Any properly-accredited body providing ISO/IEC 27001 compliance certificates must fulfill the requirements in ISO/IEC 27006 plus ISO/IEC 17021-1 and ISO 19011 in terms of their competence, suitability and reliability to perform their work properly. This is necessary to ensure that issued ISO/IEC 27001 certificates are meaningful: if literally anyone were able to issue certificates without necessarily following the certification processes specified by ISO/IEC 27006, even seriously non-compliant organizations could conceivably buy their certificates or self-certify.
ISO/IEC 27006 specifies requirements and provides guidance for compliance auditing specifically in the context of ISMSs, in addition to the general accreditation requirements laid down by ISO/IEC 17021-1 and ISO 19011.
The certification process involves auditing the management system for compliance with ISO/IEC 27001. Certification auditors have only a passing interest in the actual information security controls that are being managed by the management system. It is assumed that any organization with a compliant ISMS is in fact managing its information security risks diligently.
Status of the standard
ISO/IEC 27006 was first published in 2007. It incorporated and superseded the older EA7/03 guidance on accredited certification processes.
After ISO 17021 was revised, a fast-track update was made and the revised ISO/IEC 27006 was published in 2011 with relatively minor changes.
The standard is now undergoing a normal review in parallel with the revision of ISO 19011 and ISO/IEC 17021, and the new release of ISO/IEC 27001. The revised standard looks likely to be published in 2014.
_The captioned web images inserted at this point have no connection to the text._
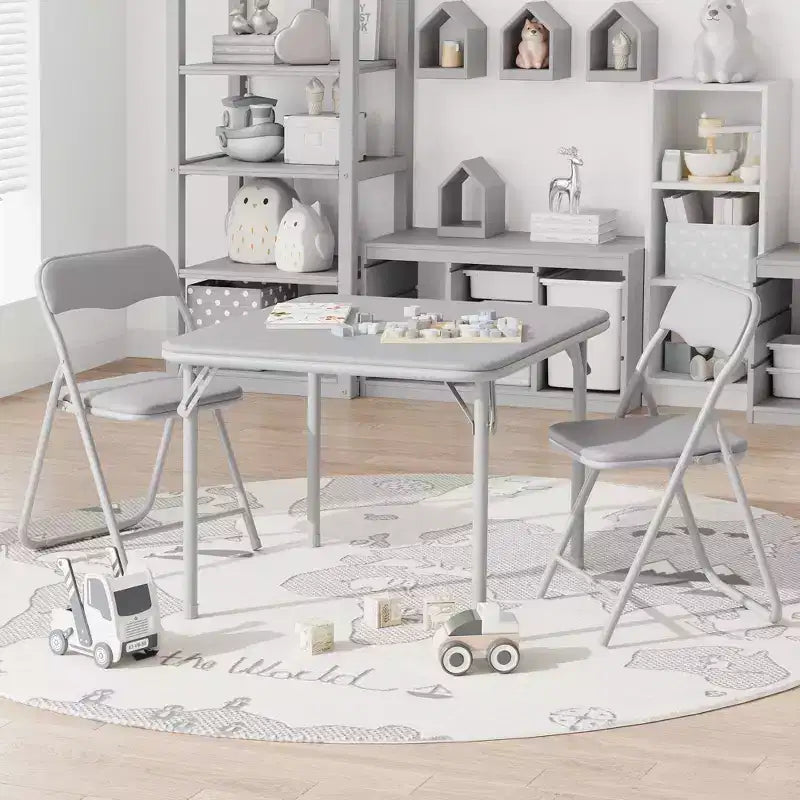 Ensemble table et chaises pliantes 3 pièces pour garçons et filles, table et chaise portables avec coussin souple en PU, idéal pour manger, lire et jouer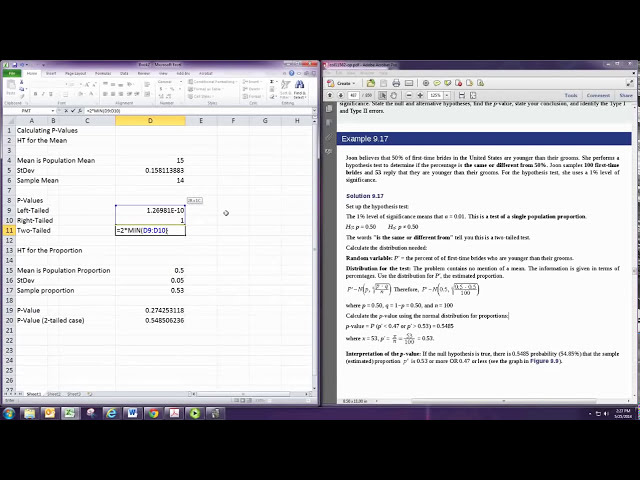 فیلم آموزشی: محاسبه P-Values ​​Excel با زیرنویس فارسی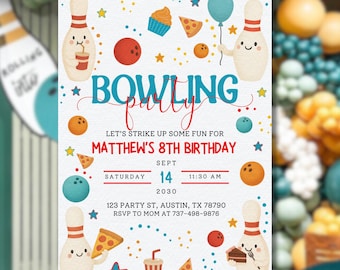 Bowling Birthday Invitation | Kids Bowling Party Invite | Editable Canva Template | Boy Girl Birthday | Strike Party Invitation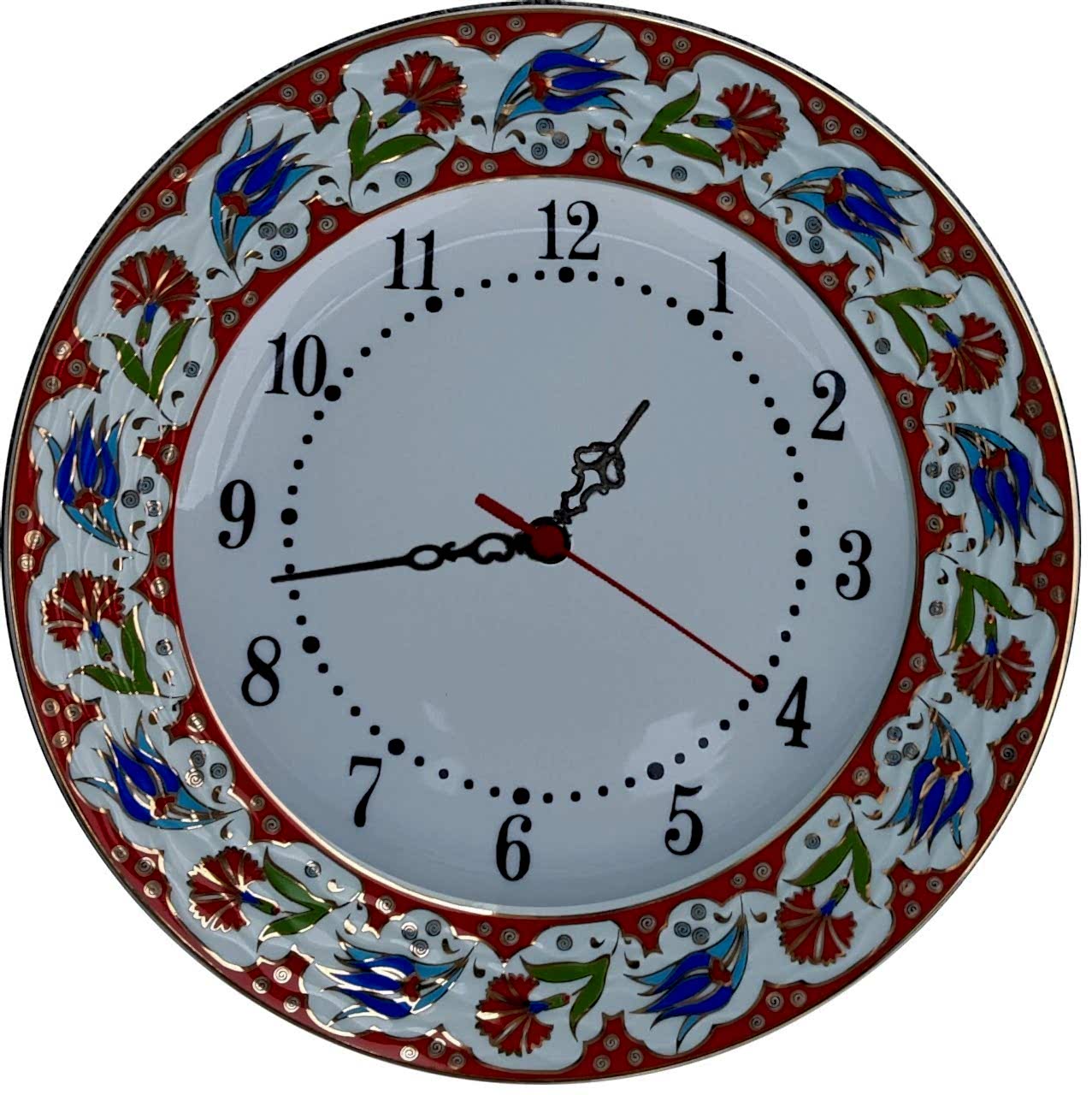 PRT 65 25 Cm Kırmızı Altın Yaldızlı Lale karanfil Desenli Porselen Çini saat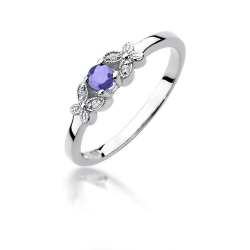 Pierścionek zaręczynowy z białego złota z tanzanitem i diamentami 0,02ct Fire Of Love BW-414-tanzanit-b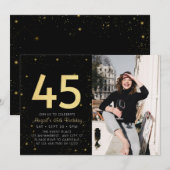 Moderne Galaxy Foto Zwart Goud 45e Verjaardagsfees Kaart (Voorkant / Achterkant)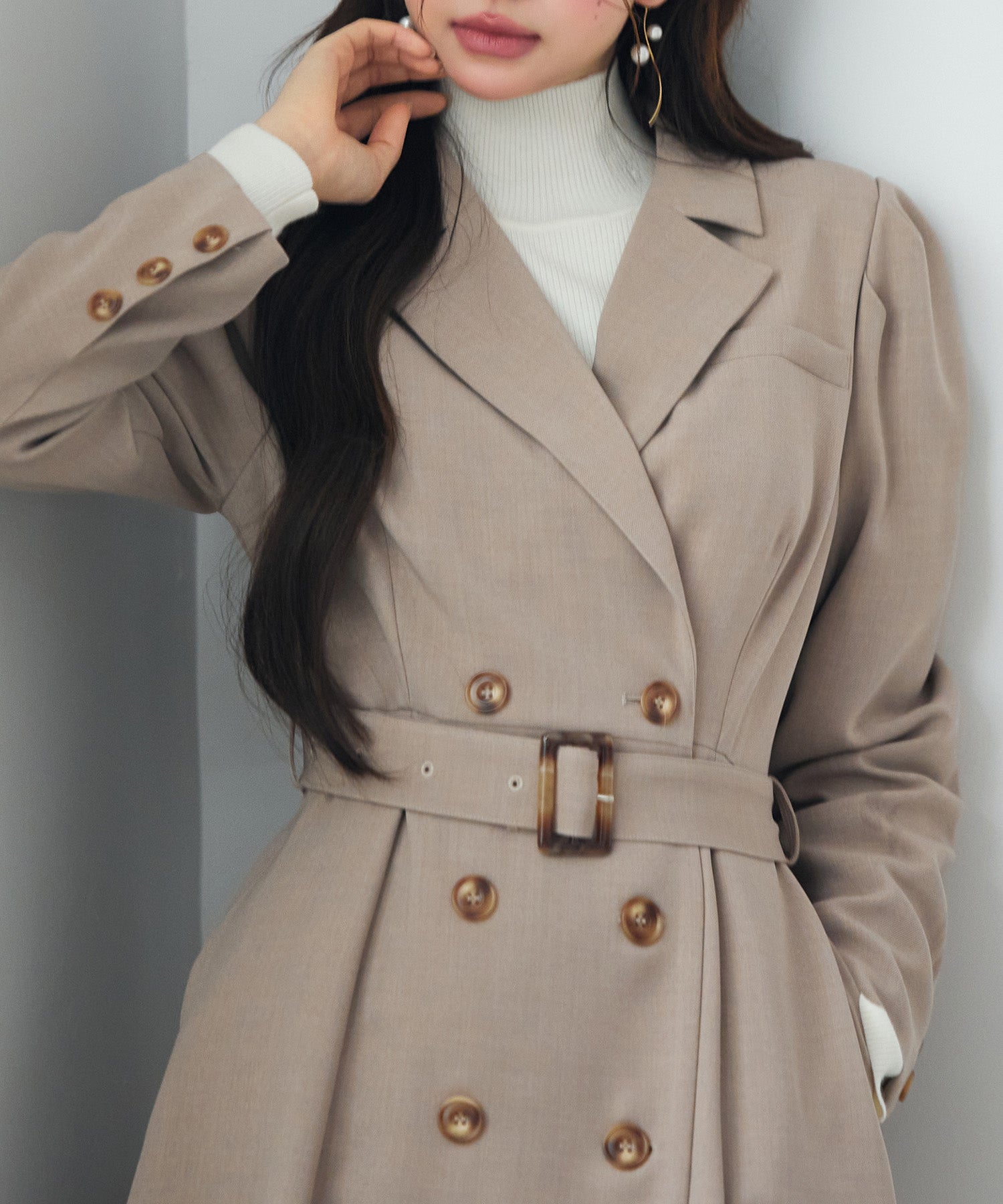 ダブルブレスト ロングコート　マキシ丈 送料無料】コート ロングコート マキシ丈コート アウター ジャケット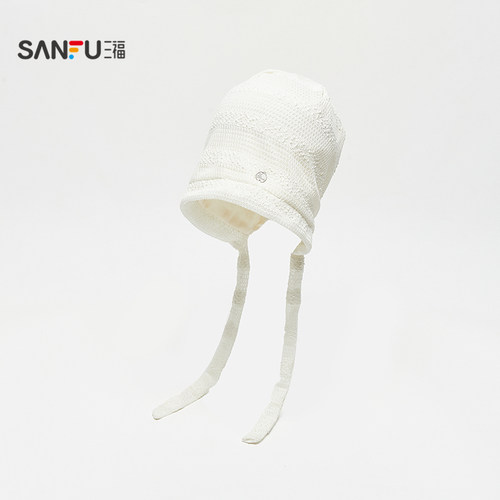 三福挂绳针织小标西瓜帽 休闲创意潮流服饰配件造型帽子854725 - 图1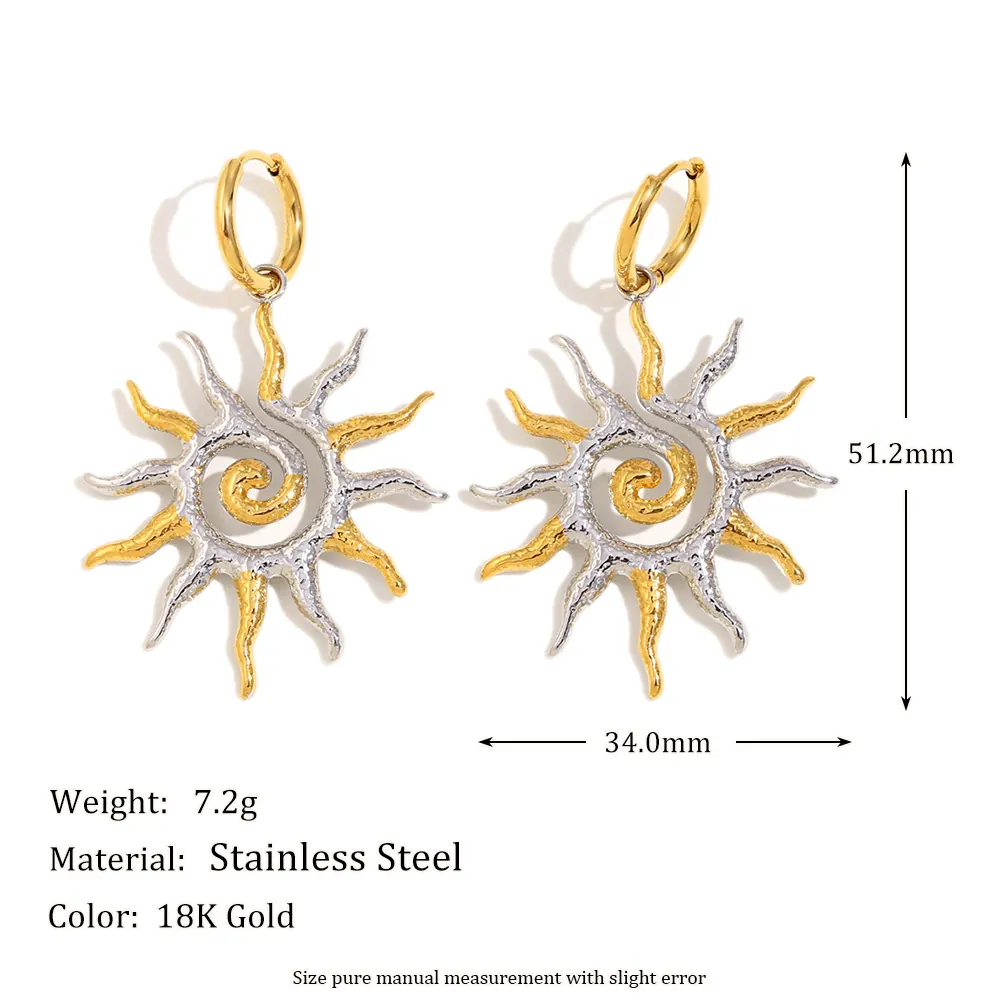 Sonnen Ohrhänger Edelstahl 18K Vergoldet Spirale Gehämmert Bicolor Vintage Boho Für Damen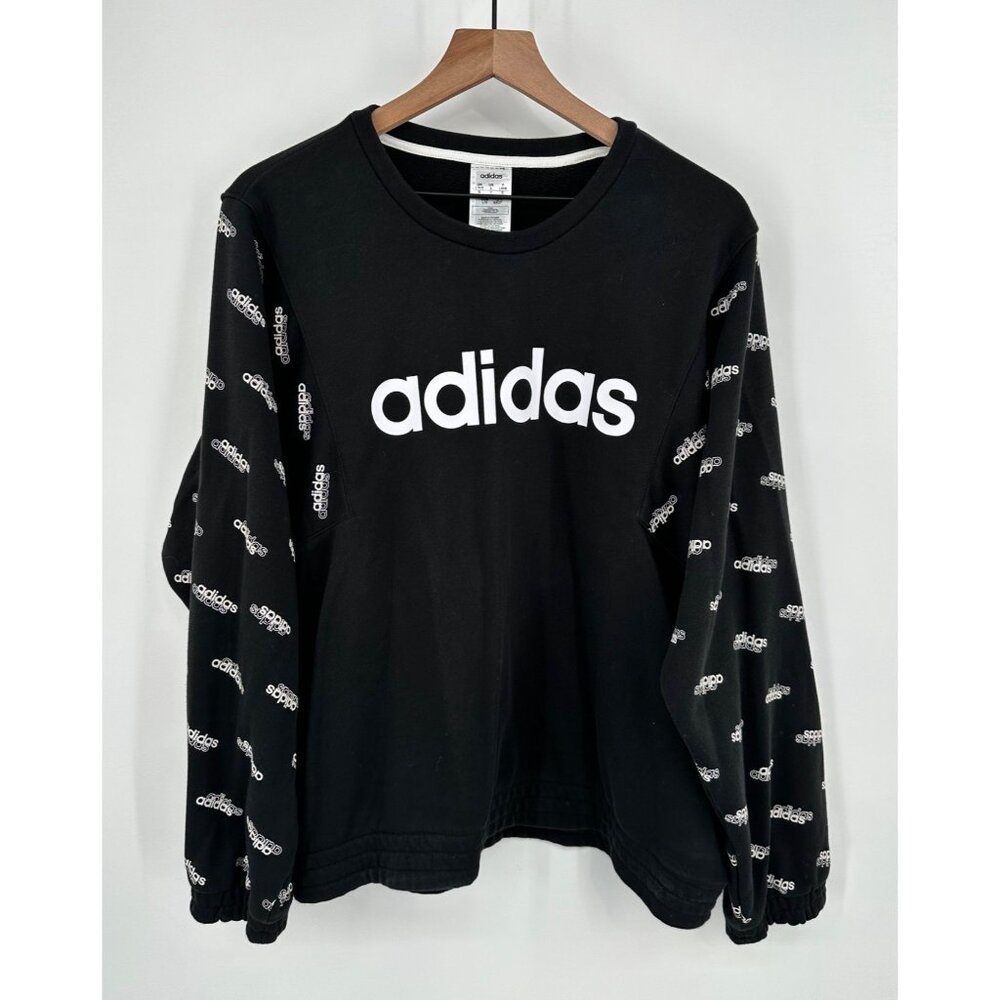 Adidas Crewneck Sweatshirt Women Large Black Logo Loose Fitting Graphic Boxy
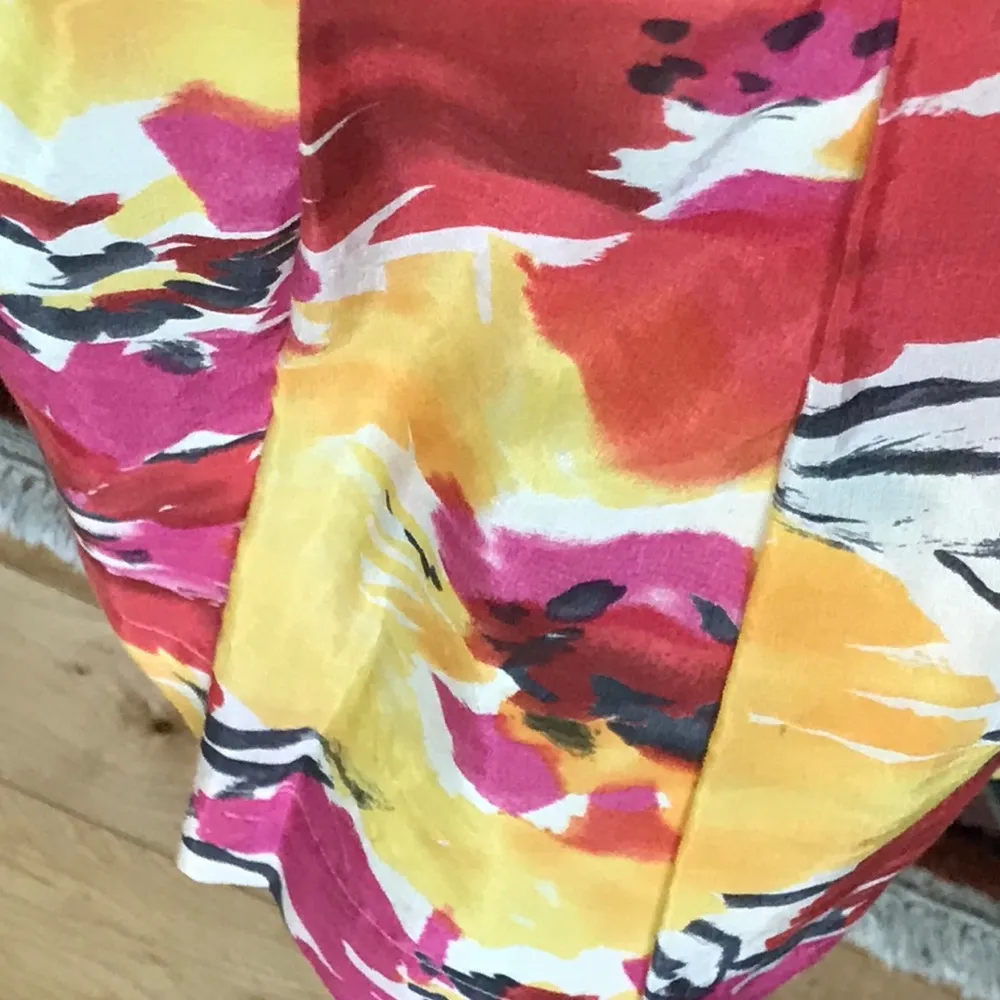 Vintage The Limited Pink Yellow Floral Silk Cotton Pleated A Line Skirt Sz 6 - Image 4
The next version of this standard is likely to be substantially different due to the substantive changes in the standards on which it is based. In general, ISO certification processes are being aligned and streamlined to make them more consistent with each other across various fields e.g. the management systems for quality, environmental protection and information security. The advantages of alignment include:
Standardization and cross-fertilization between the fields of certification (e.g. an organization’s “quality assurance manual” should not be totally alien to someone familiar with its “information security manual” - ‘someone’ being staff, managers, auditors and interested third parties);
Easier awareness, training and cross-training of auditors for various types of certification audit;
Easier awareness, training and cross-training of employees for various management systems;
More consistent certification, surveillance and re-certification audit processes;
Greater auditor and auditee familiarity with the process through greater practice, increasing the focus on the findings and the outcome;
More possibility for multiple parallel certifications, perhaps reducing costs;
A larger pool of qualified candidates for jobs associated with designing, implementing, operating and auditing the management systems.
The key disadvantage is short-term disruption as the new order takes root.
It has been pointed out that the new version of 27001 gives organizations more latitude on how they design and document their ISMS, and hence certification auditors cannot determine compliance as easily: they will need greater knowledge of both management systems and information security concepts.